Tento článek mi poslal starý kámoš žijící střídavě v USA a na jižní Moravě. Píše se mu lépe v angličtině - takže jen pro angličtináře...:)) Le.
My chess experience begun when I was quite little, about 7 years old. I learned how to move the
pieces, how to move king and rook to castle and sometime even how to checkmate weaker players.
Then still naive, I was under the impression that this sport is peaceful, tranquil and basically very happy.
Little did I know.
Chess players I've met in Prague turned out to be very violent group, at times throwing mugs of beer at
waitresses and more often fist fighting amongst themselves for losing the game. Mrna, Papirnik, Tlamsa, Havel, are the only
names I can remember, but they were all fighters who should have joined a tae kwan do club, instead of the chess club.

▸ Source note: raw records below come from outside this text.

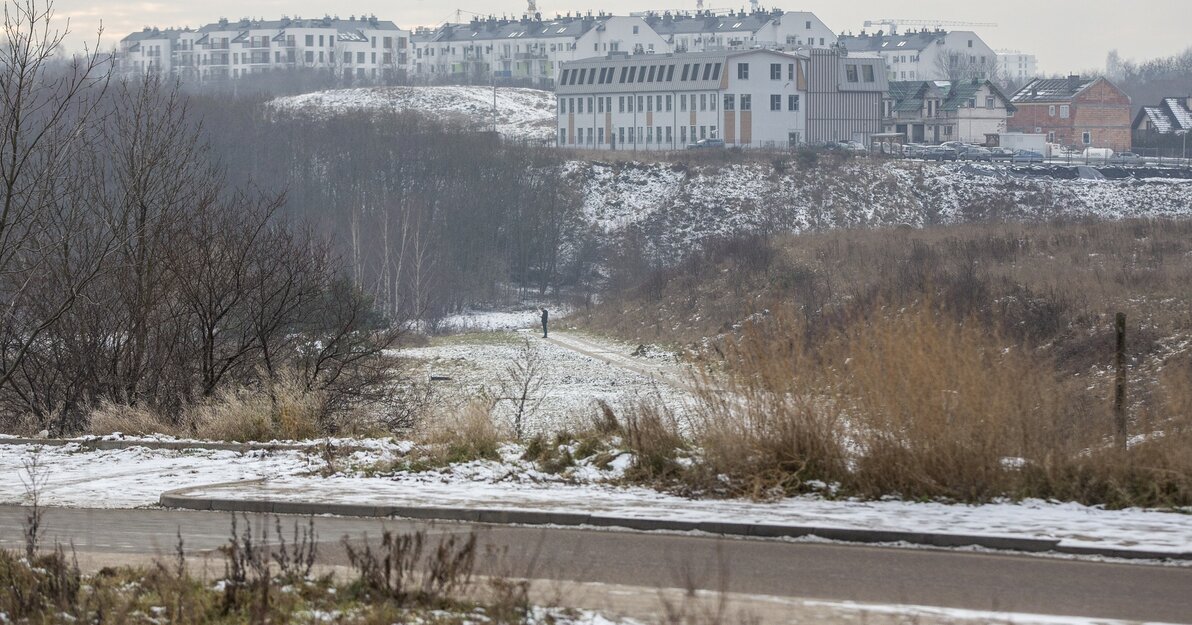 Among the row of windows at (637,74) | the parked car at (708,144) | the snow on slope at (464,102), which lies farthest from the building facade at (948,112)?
the snow on slope at (464,102)

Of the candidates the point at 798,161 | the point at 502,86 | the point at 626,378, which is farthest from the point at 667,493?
the point at 502,86

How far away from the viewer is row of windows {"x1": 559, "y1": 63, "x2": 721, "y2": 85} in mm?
108562

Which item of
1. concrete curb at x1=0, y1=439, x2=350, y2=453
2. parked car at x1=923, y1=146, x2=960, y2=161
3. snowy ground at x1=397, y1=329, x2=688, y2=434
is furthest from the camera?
parked car at x1=923, y1=146, x2=960, y2=161

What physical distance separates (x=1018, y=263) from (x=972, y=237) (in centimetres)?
1066

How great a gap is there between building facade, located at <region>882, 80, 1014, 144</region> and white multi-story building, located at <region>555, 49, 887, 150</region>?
173 inches

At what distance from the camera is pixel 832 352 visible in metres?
14.1

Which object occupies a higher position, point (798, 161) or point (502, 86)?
point (502, 86)

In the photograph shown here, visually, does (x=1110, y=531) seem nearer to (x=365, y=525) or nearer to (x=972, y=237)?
(x=365, y=525)

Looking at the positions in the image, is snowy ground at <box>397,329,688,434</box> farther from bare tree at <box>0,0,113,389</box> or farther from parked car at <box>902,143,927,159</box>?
parked car at <box>902,143,927,159</box>

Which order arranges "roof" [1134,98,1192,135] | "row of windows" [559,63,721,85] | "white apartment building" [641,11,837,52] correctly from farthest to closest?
1. "white apartment building" [641,11,837,52]
2. "roof" [1134,98,1192,135]
3. "row of windows" [559,63,721,85]

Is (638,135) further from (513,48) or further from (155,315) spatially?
(155,315)

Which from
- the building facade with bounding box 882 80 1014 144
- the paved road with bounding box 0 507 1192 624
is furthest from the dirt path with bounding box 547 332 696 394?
the building facade with bounding box 882 80 1014 144

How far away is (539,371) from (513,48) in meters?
146

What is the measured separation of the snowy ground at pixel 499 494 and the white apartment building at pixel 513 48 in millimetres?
144399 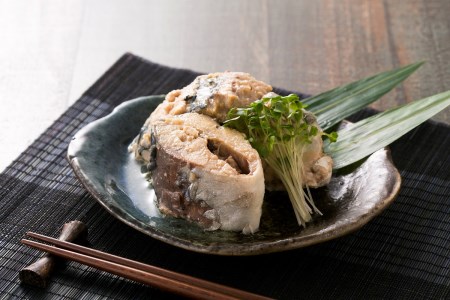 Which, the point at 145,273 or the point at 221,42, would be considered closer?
the point at 145,273

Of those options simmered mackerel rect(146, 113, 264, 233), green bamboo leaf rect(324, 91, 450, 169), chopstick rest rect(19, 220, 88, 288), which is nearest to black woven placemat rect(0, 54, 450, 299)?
chopstick rest rect(19, 220, 88, 288)

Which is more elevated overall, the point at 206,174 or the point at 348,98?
the point at 206,174

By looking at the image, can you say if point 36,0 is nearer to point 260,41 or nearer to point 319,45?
point 260,41

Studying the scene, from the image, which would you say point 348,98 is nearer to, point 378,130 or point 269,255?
point 378,130

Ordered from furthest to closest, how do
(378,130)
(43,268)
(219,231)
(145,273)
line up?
(378,130)
(219,231)
(43,268)
(145,273)

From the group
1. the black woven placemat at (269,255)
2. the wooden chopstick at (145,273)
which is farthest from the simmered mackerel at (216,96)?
the wooden chopstick at (145,273)

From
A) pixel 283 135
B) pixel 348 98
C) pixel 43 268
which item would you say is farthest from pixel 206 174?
pixel 348 98

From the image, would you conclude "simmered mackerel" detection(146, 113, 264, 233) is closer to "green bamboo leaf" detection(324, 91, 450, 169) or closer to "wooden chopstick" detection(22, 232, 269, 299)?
"wooden chopstick" detection(22, 232, 269, 299) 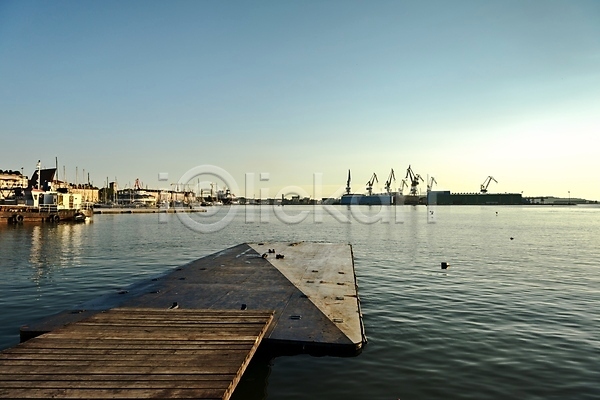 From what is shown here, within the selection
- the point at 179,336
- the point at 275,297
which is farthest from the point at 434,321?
the point at 179,336

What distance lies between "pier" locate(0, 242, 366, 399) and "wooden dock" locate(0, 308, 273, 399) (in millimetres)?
17

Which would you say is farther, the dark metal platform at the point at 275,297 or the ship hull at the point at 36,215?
the ship hull at the point at 36,215

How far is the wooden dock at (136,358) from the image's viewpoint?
21.1 feet

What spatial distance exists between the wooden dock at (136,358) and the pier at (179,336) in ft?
0.06

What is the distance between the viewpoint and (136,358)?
25.1 feet

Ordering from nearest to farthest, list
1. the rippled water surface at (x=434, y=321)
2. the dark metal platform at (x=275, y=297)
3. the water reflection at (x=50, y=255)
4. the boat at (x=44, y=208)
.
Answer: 1. the rippled water surface at (x=434, y=321)
2. the dark metal platform at (x=275, y=297)
3. the water reflection at (x=50, y=255)
4. the boat at (x=44, y=208)

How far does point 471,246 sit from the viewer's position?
41750 millimetres

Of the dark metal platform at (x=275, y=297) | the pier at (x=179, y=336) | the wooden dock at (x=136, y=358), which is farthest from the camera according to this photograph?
the dark metal platform at (x=275, y=297)

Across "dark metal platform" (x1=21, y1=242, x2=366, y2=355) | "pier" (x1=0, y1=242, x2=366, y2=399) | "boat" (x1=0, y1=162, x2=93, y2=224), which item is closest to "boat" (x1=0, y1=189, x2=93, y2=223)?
"boat" (x1=0, y1=162, x2=93, y2=224)

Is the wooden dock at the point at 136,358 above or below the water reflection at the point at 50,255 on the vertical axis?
above

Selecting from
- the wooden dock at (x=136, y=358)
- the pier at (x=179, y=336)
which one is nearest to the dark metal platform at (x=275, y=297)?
the pier at (x=179, y=336)

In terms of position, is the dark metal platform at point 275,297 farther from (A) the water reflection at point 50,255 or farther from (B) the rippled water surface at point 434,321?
(A) the water reflection at point 50,255

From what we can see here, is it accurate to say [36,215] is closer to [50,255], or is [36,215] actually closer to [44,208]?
[44,208]

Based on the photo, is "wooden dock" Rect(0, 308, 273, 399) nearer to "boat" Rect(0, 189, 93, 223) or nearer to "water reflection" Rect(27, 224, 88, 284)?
"water reflection" Rect(27, 224, 88, 284) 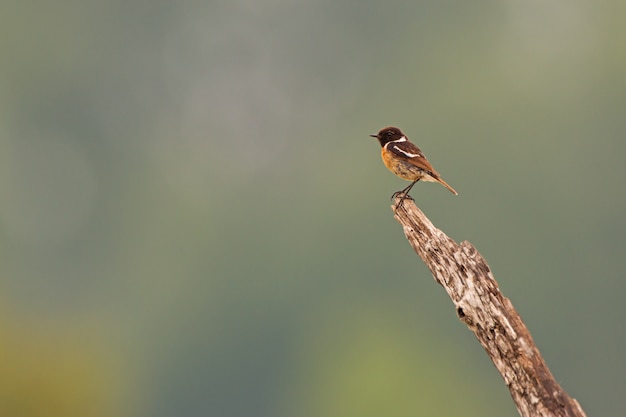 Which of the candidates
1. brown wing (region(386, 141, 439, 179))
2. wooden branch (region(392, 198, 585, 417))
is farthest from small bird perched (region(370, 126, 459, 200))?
wooden branch (region(392, 198, 585, 417))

All good chess players I've met are suffering from some kind of depression, inferiority complex and alcoholism and
they are all broke. On top of that, they all think they play the best and when they lose, they attribute it to the other guy cheating.
I remember Bobby Fisher, world best chess player, how he slowly became insane until his mind was just about gone and
then moved to Iceland to live in poverty. All the chess players are thinking about are the chess moves. Nothing else seems to matter to them. They are like mathematicians, thinking about numbers, going nuts.
Another phenomena among the Czech chess players is that they are all divorced and dying young. Only a handful made it over 50 years of age and what is the most amazing that just about every other month another player dies, either from internal organ failure or suicide. They are dropping like flies.
So not to end up like them, I left the Prague Chess Club and began to play on chess.com. There are tens of thousands of players at any given time eager to play anybody across the planet day and night. Soon, my wife noticed, I stopped paying attention to her and anything else, claimed to hear primal shouts coming out of me and eventually threaten me with divorce.
Now I play chess in secrecy, at night or in the library. I just cannot part from it. However, I noticed the constant thinking about chess
took a toll on my life. Aside from the divorce prospect, my health got worse, I gained weight and I may actually have to attend a psychotherapy. There I would talk about the most aggressive sport and how bad the chess is for me, or perhaps play a game with the therapist.